Having determined that state law governs the award of costs in this case, I turn to the Oregon Rules of Civil Procedure to analyze what costs may be recovered by Mr. VanValkenburg. Oregon Rule of Civil Procedure 68 provides:

[C]osts and disbursements shall be allowed to the prevailing party unless these rules or any other rule or state direct that in the particular case costs and disbursements shall not be allowed to the prevailing party . . ., or unless the court otherwise directs. If, under a special provision of these rules or any other rule or statute, a party has a right to recover costs, that party shall also have a right to recover disbursements.

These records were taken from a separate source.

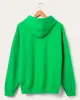 Eagles Play Action Hoodie sold by Junk Food Clothing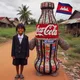 Psa khmer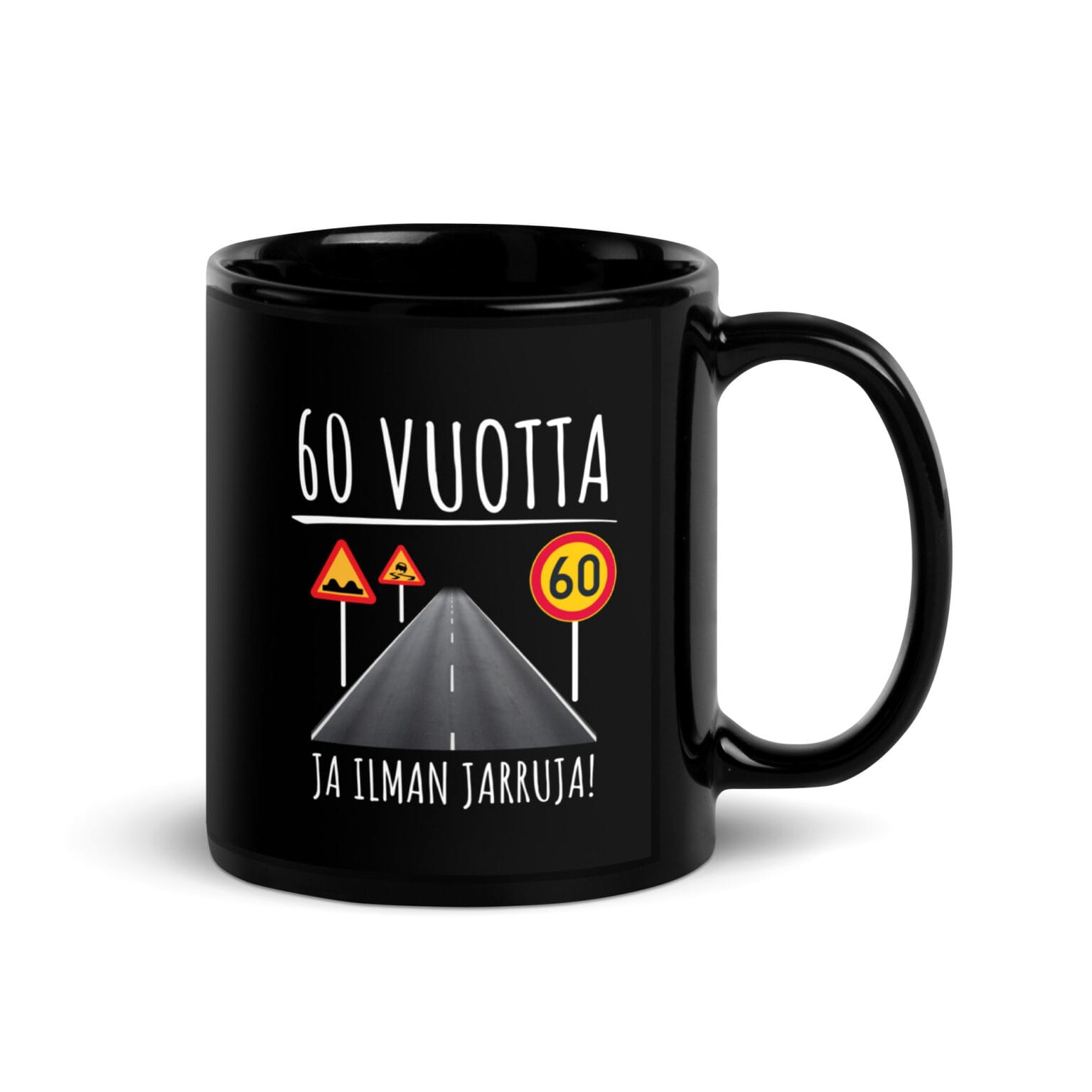 black-glossy-mug-black-11-oz-handle-on-right-697a1b9c07cd4
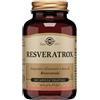 RESVERATROX 60CPS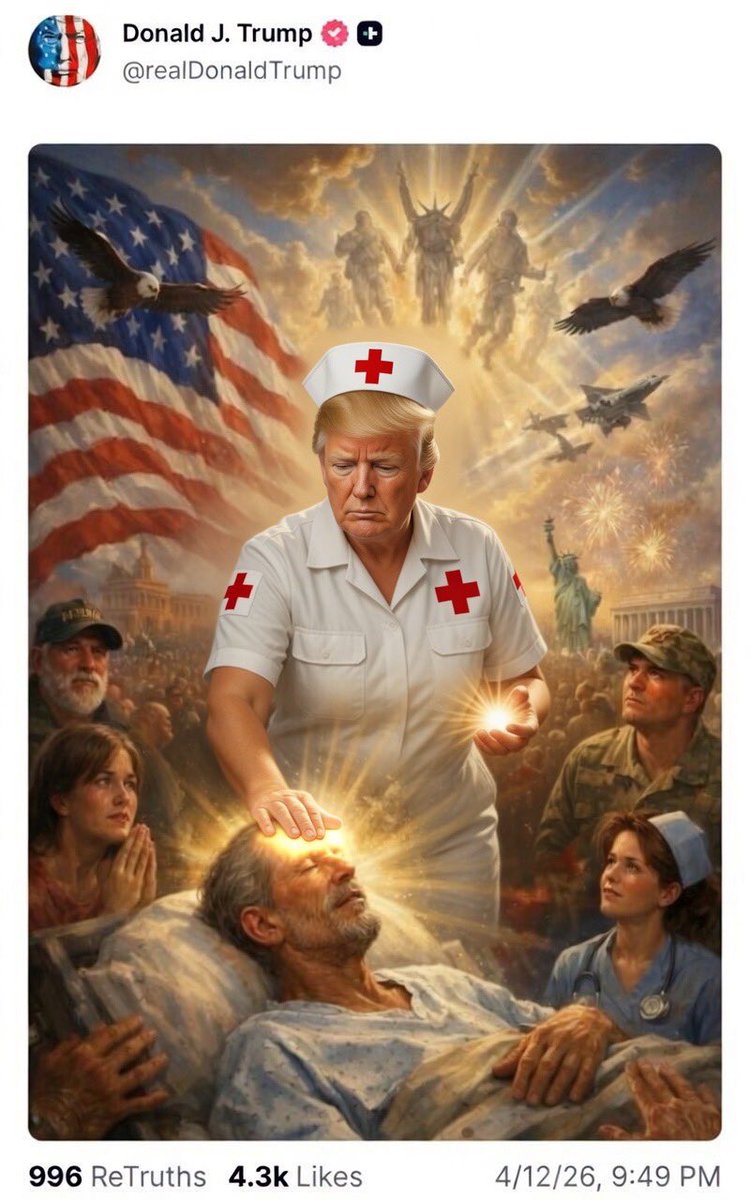 Vince 👉💥 tweet media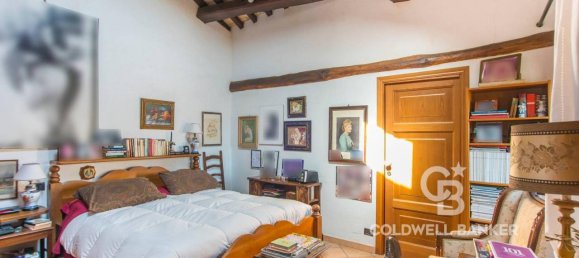 3غرفة شقة في Sutri, Italy رقم 134825 14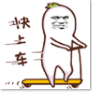 ��ݳ���ͼ��̬����ͼƬ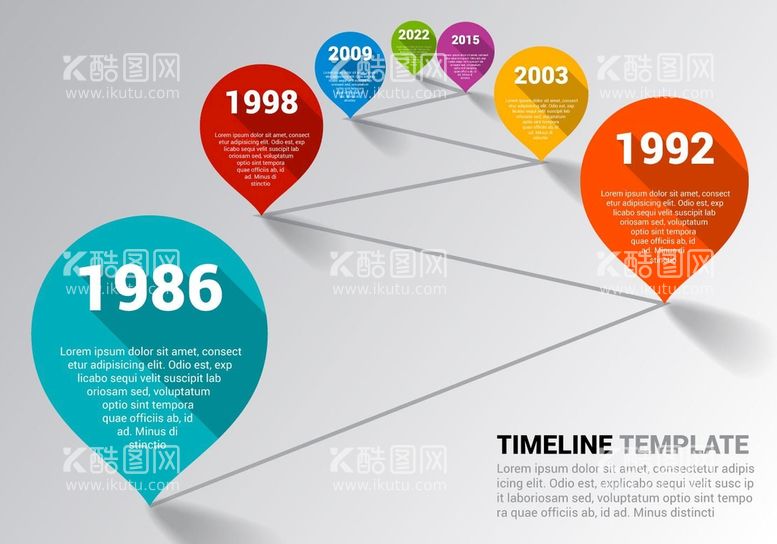 编号：68816911191202091627【酷图网】源文件下载-信息图表 流程图 ppt 结构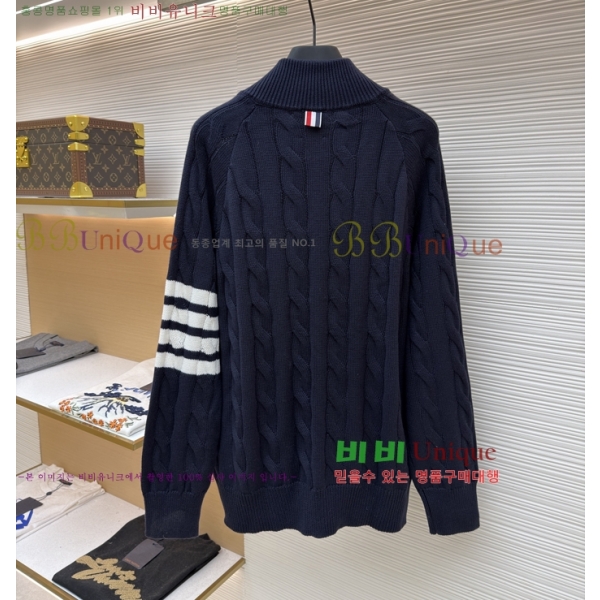  * ̺ ĳù̾  25TB51681966-2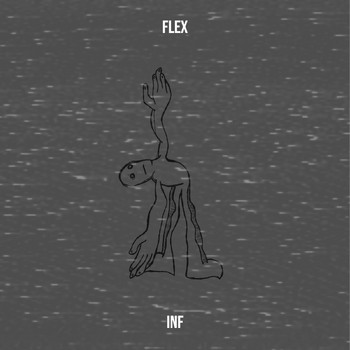 INF - Flex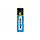 Акумулятор Rablex 18650 з захистом 3.7V 2400mAh, фото 6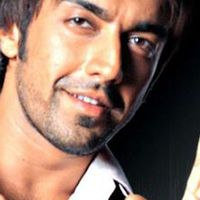 Ashish Chaudhary Image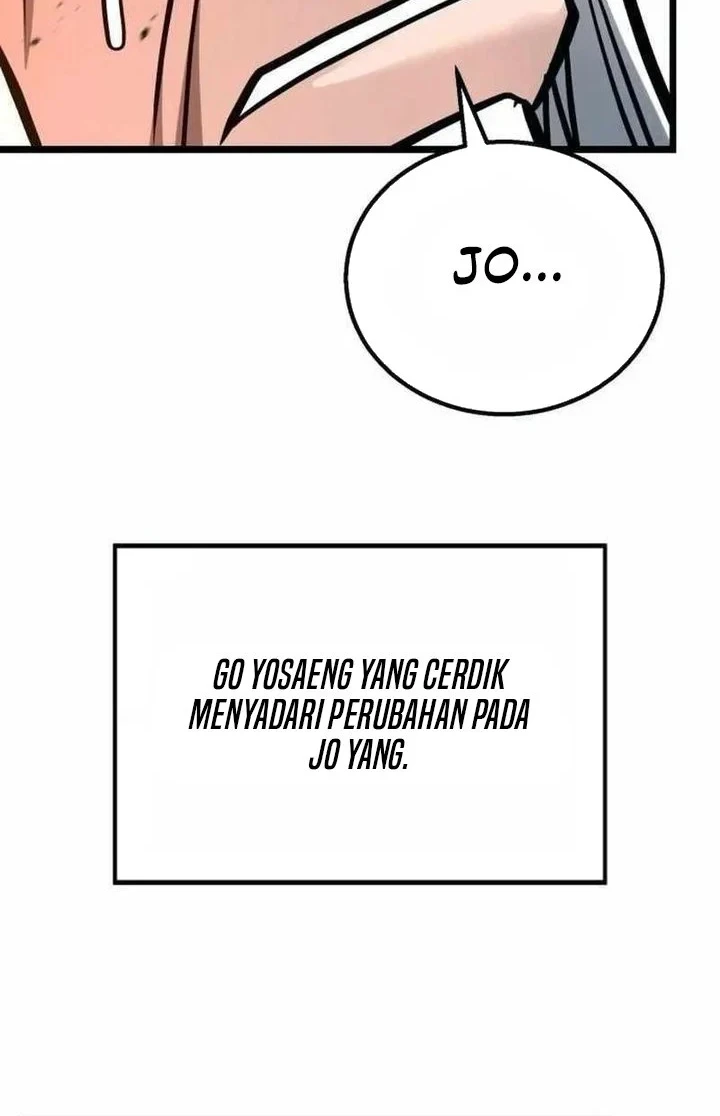 Revenge of the Bloom Flower Chapter 58 - halaman 86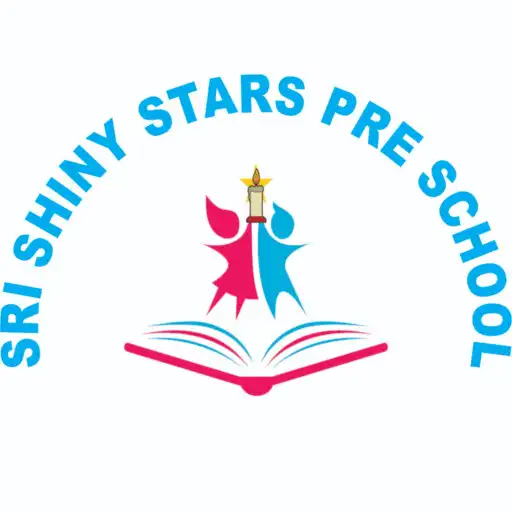 Play Sri Shiny Stars APK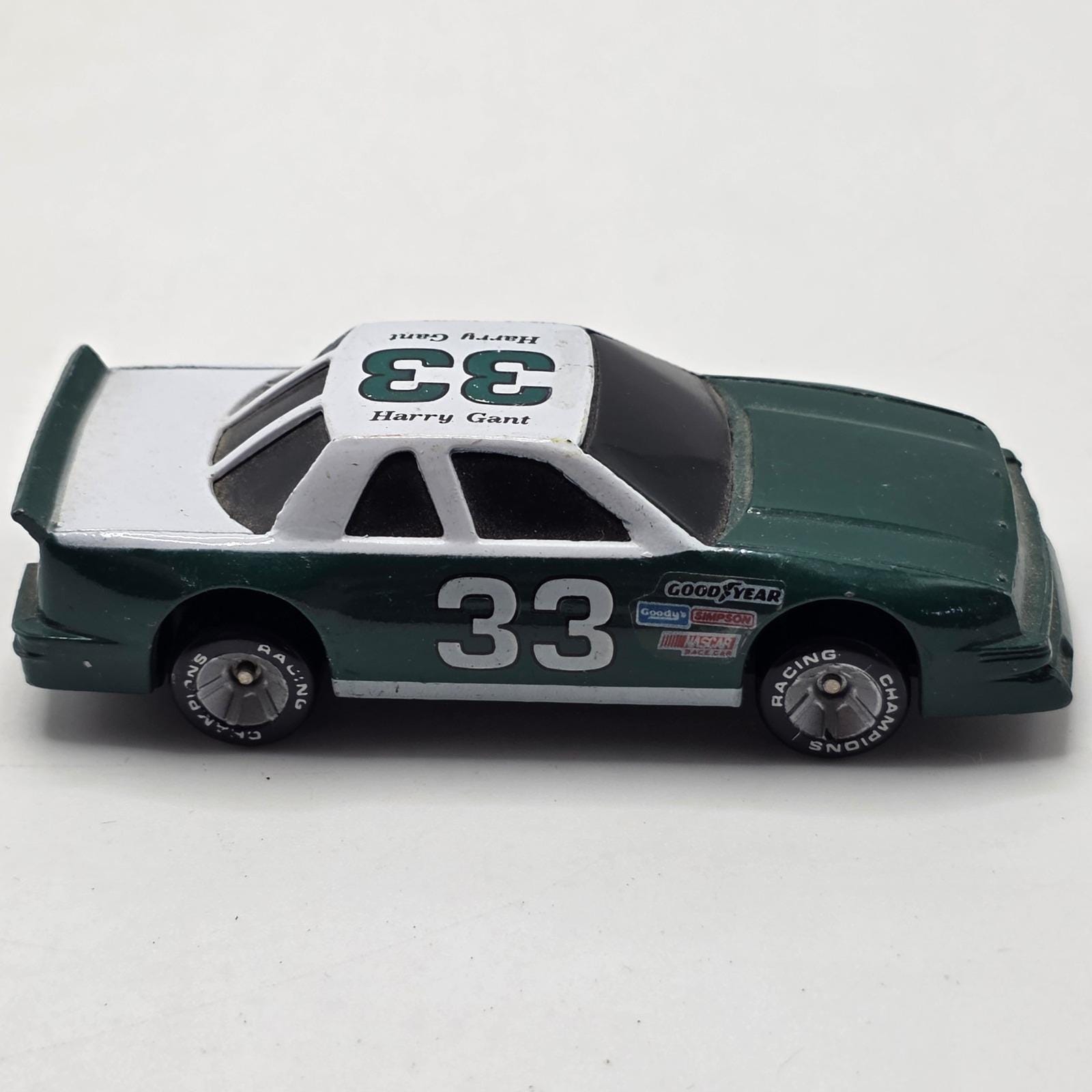 Skoal bandit racing - Etsy 日本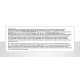 Prins VitalCare Senior kattenvoer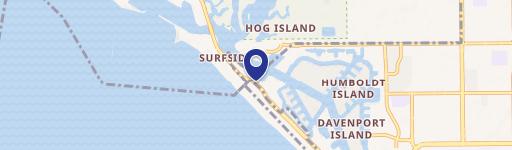 16371 Pacific Coast Hwy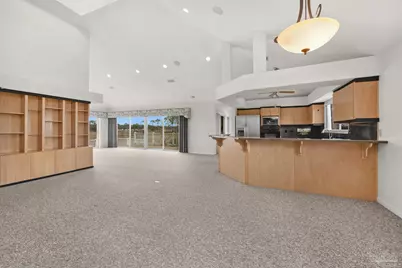 4758 Bayside Dr, Milton, FL 32583 - Photo 2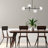 Hamilton 4 - Light Sputnik Chandelier-2124819855-2124819848-2124819850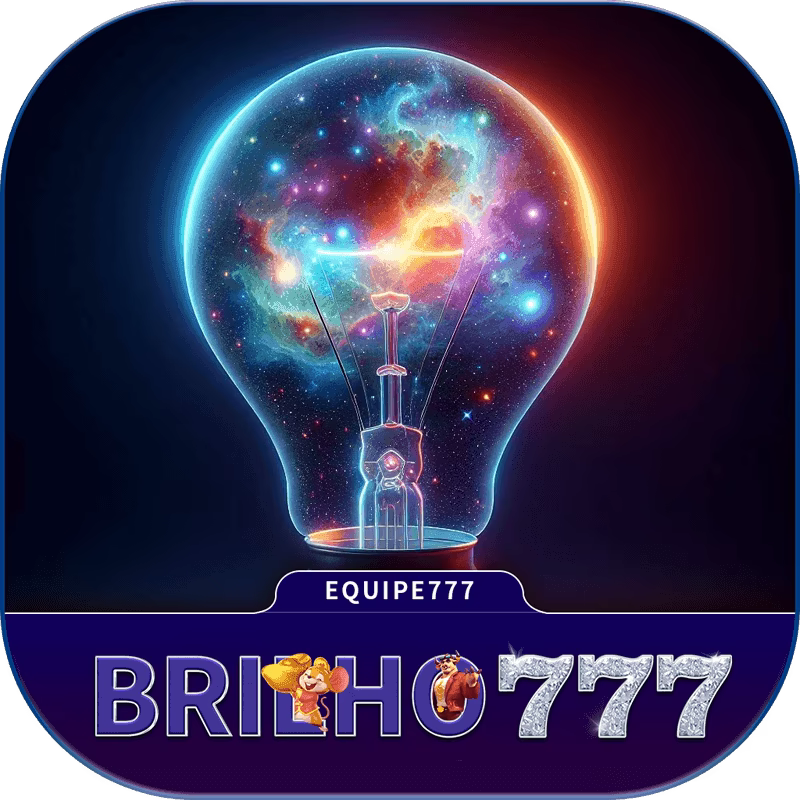 brilho777 Earn Legend v5.9.2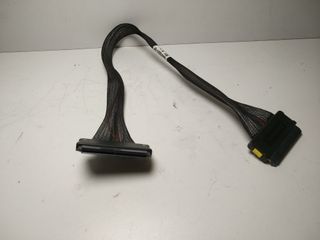 Jaula Caddy para disco duro de servidor HP ProLian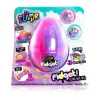 De Grote Speelgoedwinkel Slime Set Ei Fidget Clearance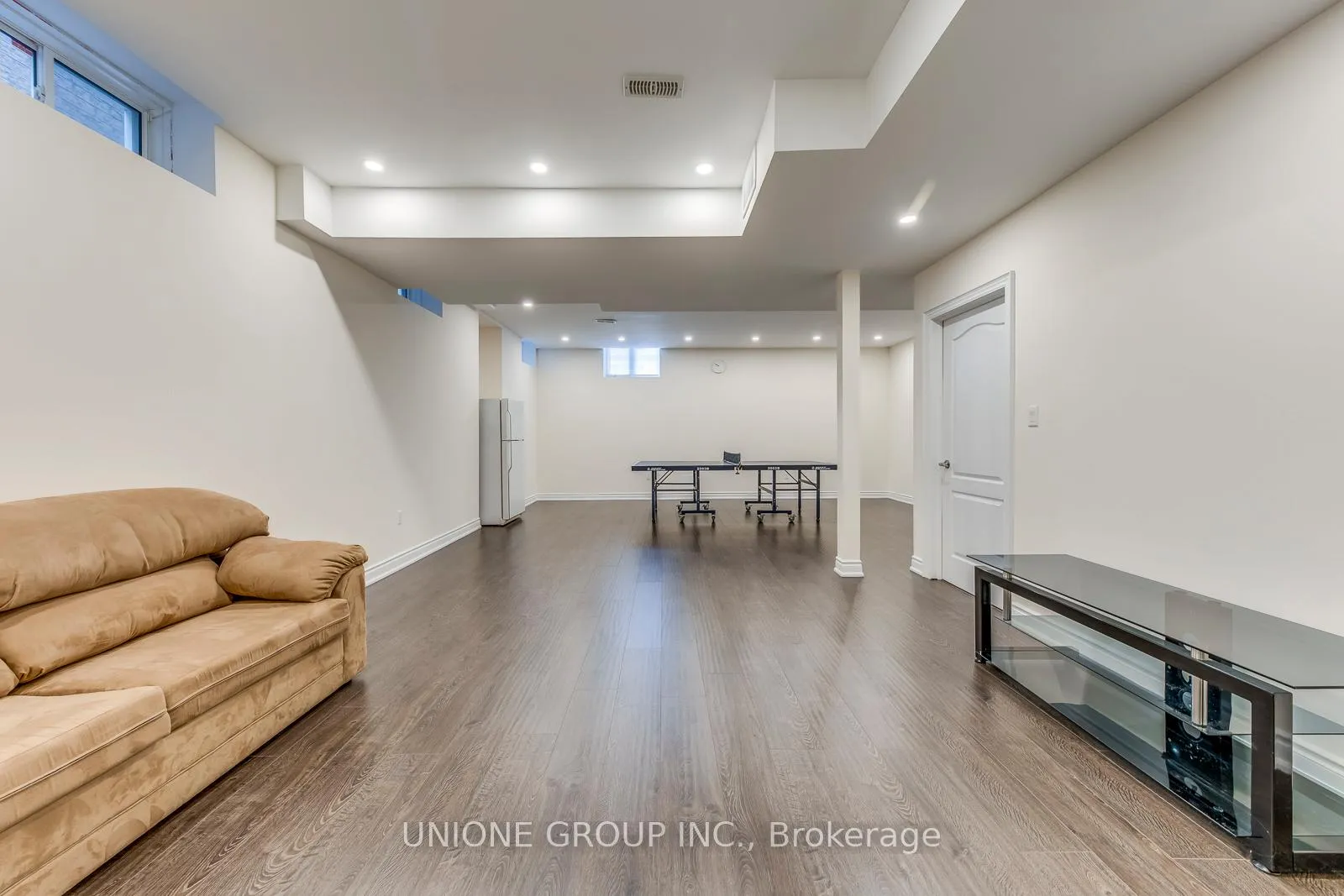 Photo 39 of 3045 Parsonage Crescent, Oakville, Glenorchy — HOMEH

Or. R. Civ. Pro. 68(B). Costs and disbursements are defined as:

[R]easonable and necessary expenses incurred in the prosecution or defense of an action, other than for legal services, and include the fees of officers and witnesses; the expense of publication of summonses or notices, and the postage where the same are served by mail; . . . the expense of copying of any public record, book, or document admitted into evidence at trial; . . .; and any other expense specifically allowed by agreement, by these rules, or by any other rule or statute.

Or. R. Civ. Pro. 68(A)(2). In addition, courts have the discretion to award reasonable costs for interpreter services. Id. But the expense of depositions is not recoverable even if they were used at trial. Id.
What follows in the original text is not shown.